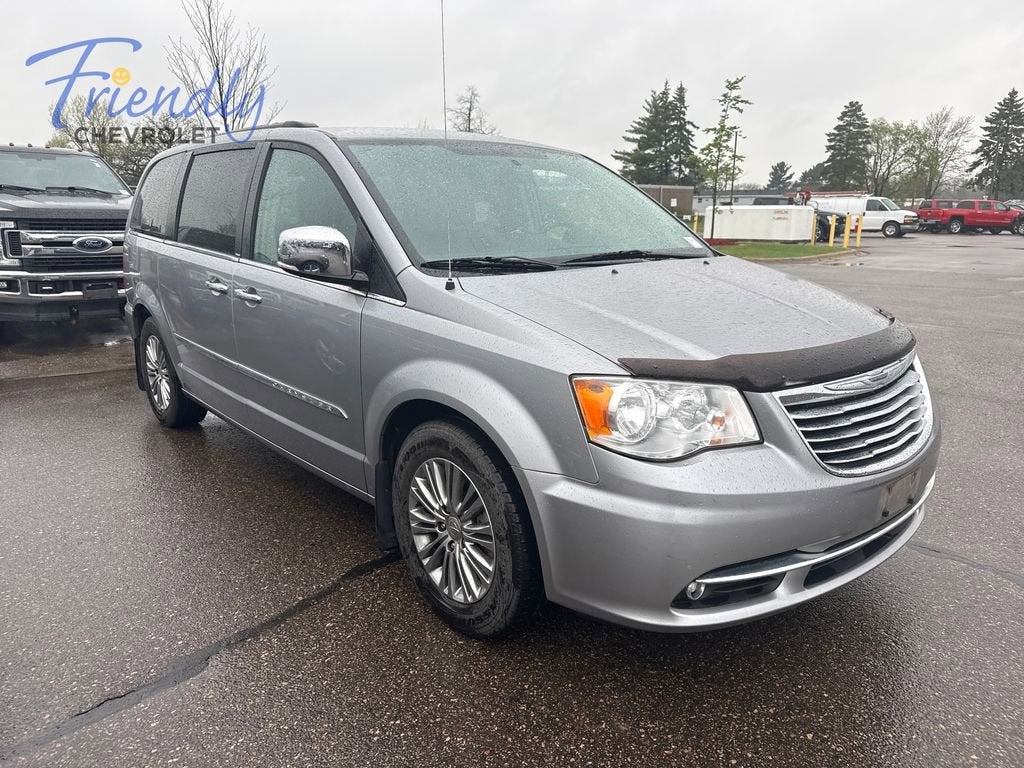 2014 Chrysler Town & Country Touring-L
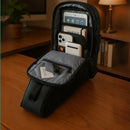 Guardião Urbano: Mochila Masculina à Prova d'Água com Cadeado Anti-Roubo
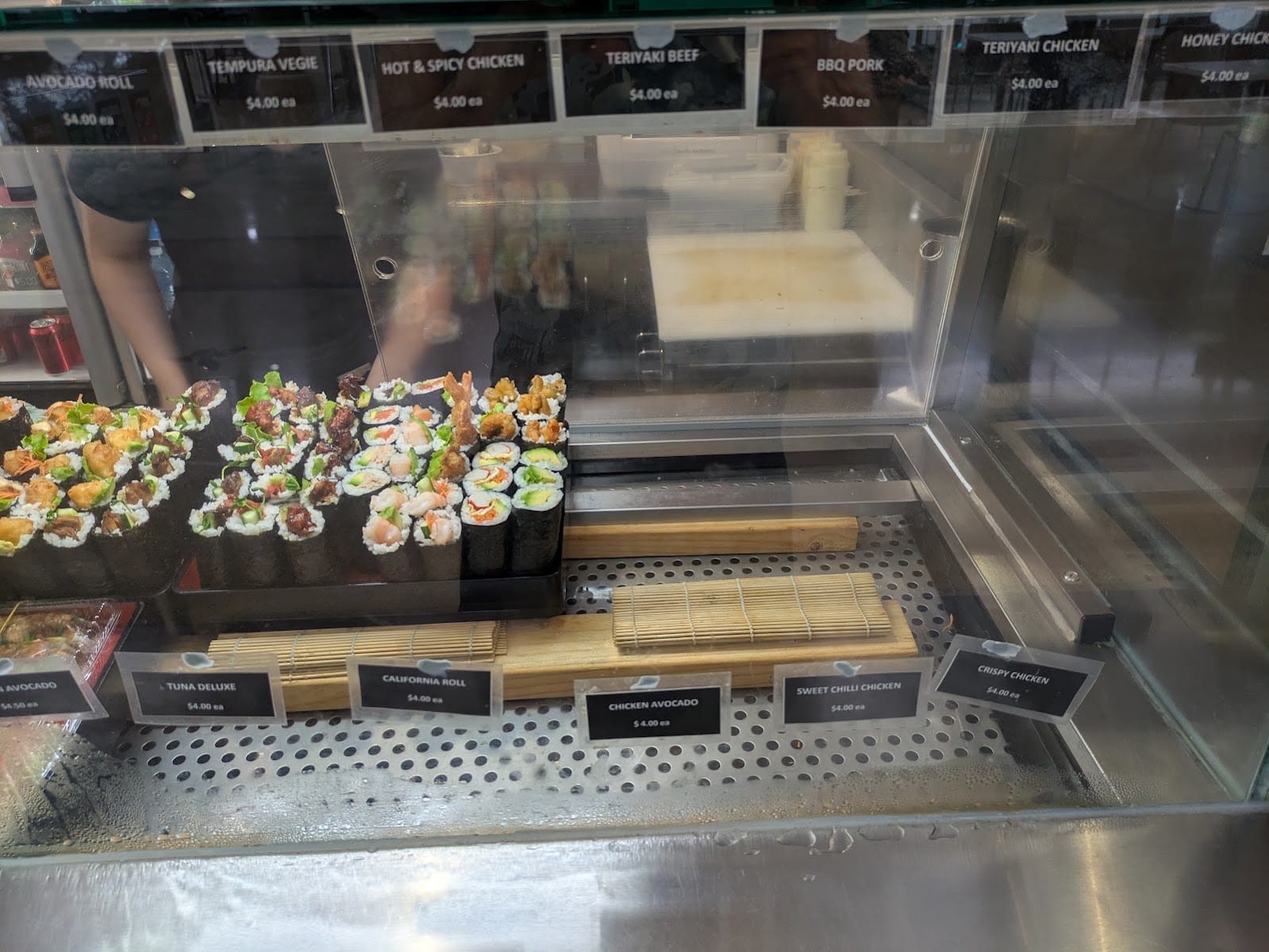 Noodle & Sushi Paradise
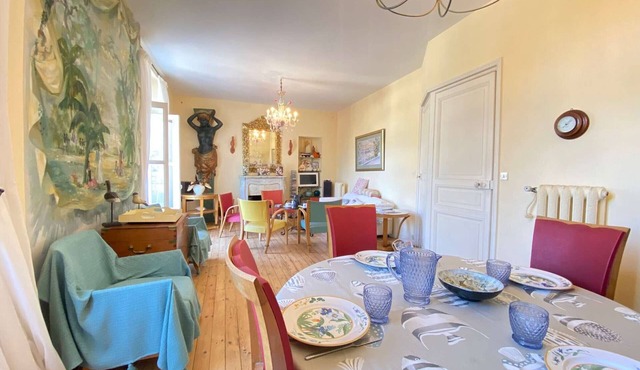 Charming 5-Room Duplex in Central La Baule, Terrace, Parking, Near Beach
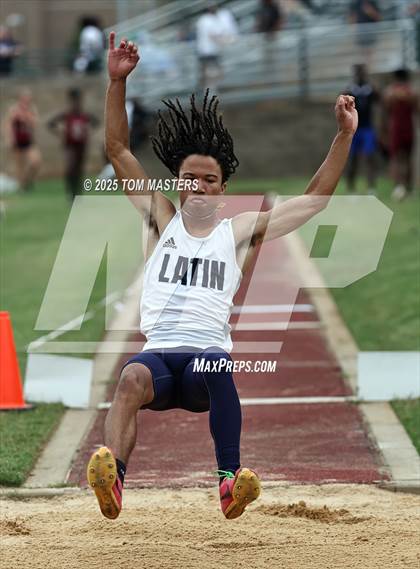 Thumbnail 2 in NCISAA D1 Championship (Long Jump) photogallery.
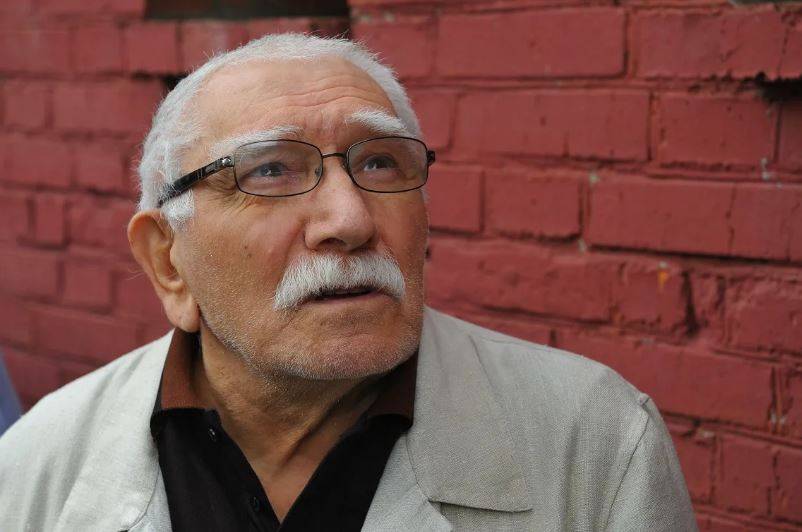 «Я не собираюсь подавать в суд»: пасынок Джигарханян рассказал о наследстве актёра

Exercise instructions:
Retype the listing exactly. Pictures do not belong in the copy.

Result of this exercise:
 2014 Chrysler Town & Country Touring-L
 Guardião Urbano: Mochila Masculina à Prova d'Água com Cadeado Anti-Roubo
 Noodle & Sushi Paradise
 Charming 5-Room Duplex in Central La Baule, Terrace, Parking, Near Beach
 Thumbnail 2 in NCISAA D1 Championship (Long Jump) photogallery.
 «Я не собираюсь подавать в суд»: пасынок Джигарханян рассказал о наследстве актёра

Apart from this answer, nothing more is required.